__Material for this task__

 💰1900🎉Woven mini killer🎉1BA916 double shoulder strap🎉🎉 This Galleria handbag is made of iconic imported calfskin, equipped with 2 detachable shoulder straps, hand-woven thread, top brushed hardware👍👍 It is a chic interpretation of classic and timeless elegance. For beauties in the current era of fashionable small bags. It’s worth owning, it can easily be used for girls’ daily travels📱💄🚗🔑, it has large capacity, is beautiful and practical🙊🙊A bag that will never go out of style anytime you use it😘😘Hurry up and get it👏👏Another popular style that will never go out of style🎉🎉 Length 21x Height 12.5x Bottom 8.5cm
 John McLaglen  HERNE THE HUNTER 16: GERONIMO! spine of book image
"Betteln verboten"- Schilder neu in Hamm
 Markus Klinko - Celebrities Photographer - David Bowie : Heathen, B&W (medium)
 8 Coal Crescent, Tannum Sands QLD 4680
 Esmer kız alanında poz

---

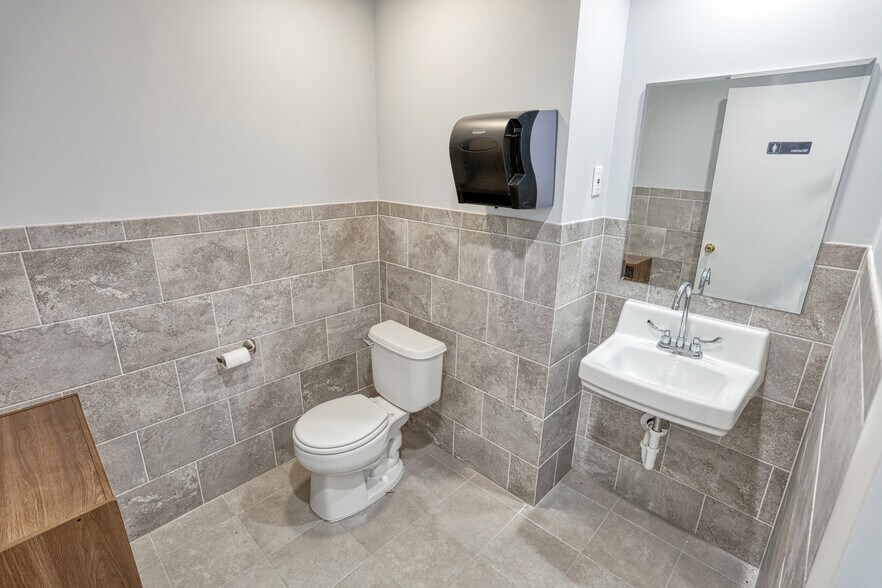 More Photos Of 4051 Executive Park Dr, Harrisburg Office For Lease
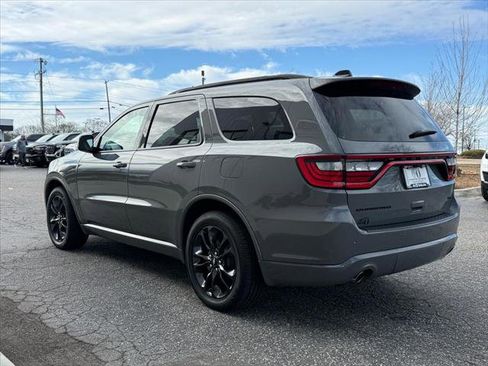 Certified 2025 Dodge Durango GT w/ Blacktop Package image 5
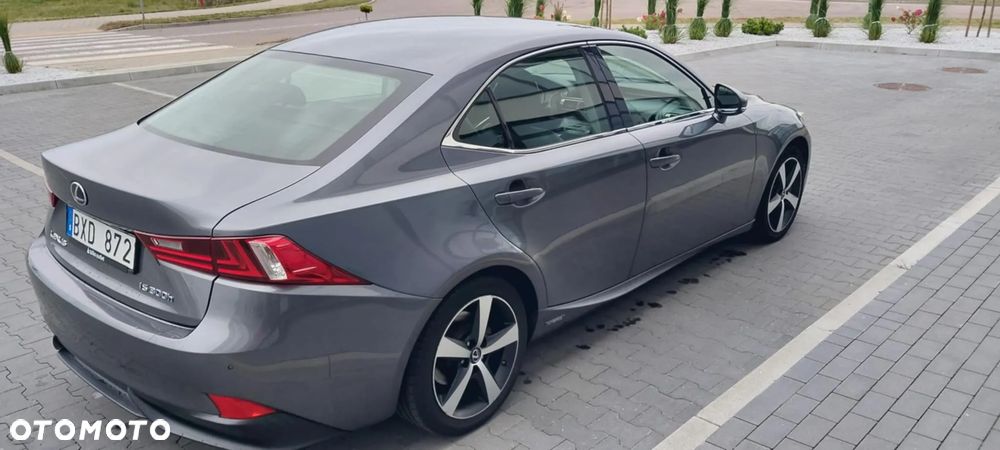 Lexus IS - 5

---

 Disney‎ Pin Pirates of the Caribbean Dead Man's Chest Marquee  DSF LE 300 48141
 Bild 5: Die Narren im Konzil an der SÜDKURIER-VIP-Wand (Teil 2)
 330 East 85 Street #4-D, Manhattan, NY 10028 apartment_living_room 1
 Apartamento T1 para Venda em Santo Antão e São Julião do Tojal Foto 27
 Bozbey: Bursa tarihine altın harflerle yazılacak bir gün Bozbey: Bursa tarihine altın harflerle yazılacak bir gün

__Instructions for the task__
Write down, word for word, the lines above from the one containing "330 East 85" through the one containing "gün Bozbey: Bursa", both ends included.

__Result__
 330 East 85 Street #4-D, Manhattan, NY 10028 apartment_living_room 1
 Apartamento T1 para Venda em Santo Antão e São Julião do Tojal Foto 27
 Bozbey: Bursa tarihine altın harflerle yazılacak bir gün Bozbey: Bursa tarihine altın harflerle yazılacak bir gün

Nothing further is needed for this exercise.